Re: Small or big dub packages

2018-11-02 Thread Igor via Digitalmars-d-learn
On Thursday, 1 November 2018 at 14:07:37 UTC, Guillaume Piolat 
wrote:

On Monday, 29 October 2018 at 11:31:55 UTC, Igor wrote:
The way I see it the advantage of smaller packages is that 
users can pick and choose and and only have the code they 
really need in their project, but the con could become 
managing a lot of dependencies. Also I am not sure how compile 
time on clean project and previously compiled project would be 
affected.


Pros:
  Users can pick exactly what they need.
  Encourages decoupling instead of too much cohesion.
  Less code to build and maintain.
  Less chances of breakage on upgrade since you depend on less.
  Improve build time since only modified sub-packages get 
rebuilt.

  Good for the ecosystem.

Cons:
  More link-time operations when not using --combined, each 
sub-package is compiled at once. Too much sub-package can slow 
down builds.
  Possibly hitting more DUB edge cases (less the case since DUB 
has tests)
  Directory layout may need to change for proper VisualD 
support.
  On the DUB registry, sub-packages are less popular than "big" 
packages because less discoverable and for some reasons some 
people won't just pick a sub-package when there is a toplevel 
package.


Thanks for the list Guillaume.

I don't think subpackages are a good choice for what I have in 
mind. For example there is a number of packages in repository 
that offer image loading and saving to multiple formats, but what 
I am looking for is the most simple PNG reader that just supports 
the most common formats, no indexed or interlaced, but is 
extensible and in case I do get to need those I can just add 
dependency to PngIndexed and PngInterlaced packages and get 
support for those too. After that I might need to also use PNG 
writer which would be a separate package. Subpackage in this 
scenario (and in my mind) would only make sense for some common 
code that these packages would share.


Of course it could be that I don't fully understand 
subpackages... What do you think about above scenario? Are there 
any points you would add or change regarding it specifically?

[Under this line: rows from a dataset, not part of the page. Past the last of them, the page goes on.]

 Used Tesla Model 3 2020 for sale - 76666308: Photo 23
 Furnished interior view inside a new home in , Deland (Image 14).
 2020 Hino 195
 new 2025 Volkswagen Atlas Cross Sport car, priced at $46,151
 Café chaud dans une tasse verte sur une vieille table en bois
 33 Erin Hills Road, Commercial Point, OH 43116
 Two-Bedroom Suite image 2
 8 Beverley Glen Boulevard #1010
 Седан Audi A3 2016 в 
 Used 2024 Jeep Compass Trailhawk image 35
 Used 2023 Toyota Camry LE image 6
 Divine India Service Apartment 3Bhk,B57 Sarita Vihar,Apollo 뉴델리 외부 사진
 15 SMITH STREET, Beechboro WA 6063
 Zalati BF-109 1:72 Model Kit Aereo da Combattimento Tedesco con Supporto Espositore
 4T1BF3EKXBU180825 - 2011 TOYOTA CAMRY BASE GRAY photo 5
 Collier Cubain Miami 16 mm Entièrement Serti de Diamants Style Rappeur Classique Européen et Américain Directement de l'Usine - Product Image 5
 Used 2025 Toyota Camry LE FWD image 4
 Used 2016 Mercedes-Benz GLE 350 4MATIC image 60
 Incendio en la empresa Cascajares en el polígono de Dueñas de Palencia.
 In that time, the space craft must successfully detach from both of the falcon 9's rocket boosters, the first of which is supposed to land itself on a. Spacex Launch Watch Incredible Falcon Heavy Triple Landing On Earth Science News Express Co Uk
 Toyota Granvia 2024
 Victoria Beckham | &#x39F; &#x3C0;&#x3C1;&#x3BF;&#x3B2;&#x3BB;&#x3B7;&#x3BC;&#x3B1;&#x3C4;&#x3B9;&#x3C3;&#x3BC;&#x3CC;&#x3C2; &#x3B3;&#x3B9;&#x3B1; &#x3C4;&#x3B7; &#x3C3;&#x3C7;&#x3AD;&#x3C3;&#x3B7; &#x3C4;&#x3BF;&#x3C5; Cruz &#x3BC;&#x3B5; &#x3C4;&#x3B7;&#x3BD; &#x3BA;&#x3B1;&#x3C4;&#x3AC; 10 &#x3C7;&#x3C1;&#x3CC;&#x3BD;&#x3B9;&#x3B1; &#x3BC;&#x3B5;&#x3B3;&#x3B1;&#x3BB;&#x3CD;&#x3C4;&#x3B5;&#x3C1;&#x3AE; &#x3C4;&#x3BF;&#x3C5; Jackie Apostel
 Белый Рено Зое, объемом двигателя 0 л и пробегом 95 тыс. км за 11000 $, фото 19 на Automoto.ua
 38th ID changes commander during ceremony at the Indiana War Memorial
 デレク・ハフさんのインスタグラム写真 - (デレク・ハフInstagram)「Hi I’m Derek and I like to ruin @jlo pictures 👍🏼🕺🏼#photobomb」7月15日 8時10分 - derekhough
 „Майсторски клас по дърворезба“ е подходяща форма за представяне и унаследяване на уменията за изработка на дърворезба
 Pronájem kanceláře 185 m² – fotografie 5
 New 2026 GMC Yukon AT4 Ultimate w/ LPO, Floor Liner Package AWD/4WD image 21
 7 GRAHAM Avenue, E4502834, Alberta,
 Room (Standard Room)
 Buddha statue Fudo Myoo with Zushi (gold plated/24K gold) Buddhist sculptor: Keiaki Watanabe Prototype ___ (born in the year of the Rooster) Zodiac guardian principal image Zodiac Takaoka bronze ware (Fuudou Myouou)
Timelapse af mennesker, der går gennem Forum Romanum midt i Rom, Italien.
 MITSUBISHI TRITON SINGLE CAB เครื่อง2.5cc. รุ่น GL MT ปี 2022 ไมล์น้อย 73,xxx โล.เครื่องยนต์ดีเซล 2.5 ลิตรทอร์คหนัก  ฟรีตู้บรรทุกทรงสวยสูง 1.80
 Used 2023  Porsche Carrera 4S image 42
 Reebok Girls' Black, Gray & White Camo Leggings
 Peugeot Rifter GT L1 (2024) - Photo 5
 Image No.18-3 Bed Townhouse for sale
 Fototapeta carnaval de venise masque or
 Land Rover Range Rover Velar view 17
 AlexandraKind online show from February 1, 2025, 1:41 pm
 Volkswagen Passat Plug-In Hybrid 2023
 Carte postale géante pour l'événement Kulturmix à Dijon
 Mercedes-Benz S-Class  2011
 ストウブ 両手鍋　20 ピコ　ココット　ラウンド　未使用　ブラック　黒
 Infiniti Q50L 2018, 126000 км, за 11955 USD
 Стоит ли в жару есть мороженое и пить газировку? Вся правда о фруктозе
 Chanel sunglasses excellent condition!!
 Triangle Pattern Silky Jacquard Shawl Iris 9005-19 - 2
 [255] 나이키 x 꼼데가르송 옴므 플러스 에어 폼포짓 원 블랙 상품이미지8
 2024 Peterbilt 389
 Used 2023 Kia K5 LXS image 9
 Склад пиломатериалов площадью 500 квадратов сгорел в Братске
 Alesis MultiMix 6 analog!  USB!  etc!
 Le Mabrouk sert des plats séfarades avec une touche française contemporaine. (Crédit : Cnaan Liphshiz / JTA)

Re: Small or big dub packages

2018-11-01 Thread Guillaume Piolat via Digitalmars-d-learn

On Monday, 29 October 2018 at 11:31:55 UTC, Igor wrote:
The way I see it the advantage of smaller packages is that 
users can pick and choose and and only have the code they 
really need in their project, but the con could become managing 
a lot of dependencies. Also I am not sure how compile time on 
clean project and previously compiled project would be affected.


Pros:
  Users can pick exactly what they need.
  Encourages decoupling instead of too much cohesion.
  Less code to build and maintain.
  Less chances of breakage on upgrade since you depend on less.
  Improve build time since only modified sub-packages get rebuilt.
  Good for the ecosystem.

Cons:
  More link-time operations when not using --combined, each 
sub-package is compiled at once. Too much sub-package can slow 
down builds.
  Possibly hitting more DUB edge cases (less the case since DUB 
has tests)

  Directory layout may need to change for proper VisualD support.
  On the DUB registry, sub-packages are less popular than "big" 
packages because less discoverable and for some reasons some 
people won't just pick a sub-package when there is a toplevel 
package.


Re: Small or big dub packages

2018-10-29 Thread Laurent Tréguier via Digitalmars-d-learn

On Monday, 29 October 2018 at 11:31:55 UTC, Igor wrote:
Can someone tell me what are pros and cons of having multiple 
extra small dub packages that depend on each other versus one 
dub package that has a bunch of functionality? Good example for 
this is dlib (https://github.com/gecko0307/dlib). It has many 
functionalities that could be split into separate packages.


The way I see it the advantage of smaller packages is that 
users can pick and choose and and only have the code they 
really need in their project, but the con could become managing 
a lot of dependencies. Also I am not sure how compile time on 
clean project and previously compiled project would be affected.


I'd use subpackages in such cases. This way you can either have 
one dependency on the whole thing, or select only a few 
subpackages.


Small or big dub packages

2018-10-29 Thread Igor via Digitalmars-d-learn
Can someone tell me what are pros and cons of having multiple 
extra small dub packages that depend on each other versus one dub 
package that has a bunch of functionality? Good example for this 
is dlib (https://github.com/gecko0307/dlib). It has many 
functionalities that could be split into separate packages.


The way I see it the advantage of smaller packages is that users 
can pick and choose and and only have the code they really need 
in their project, but the con could become managing a lot of 
dependencies. Also I am not sure how compile time on clean 
project and previously compiled project would be affected.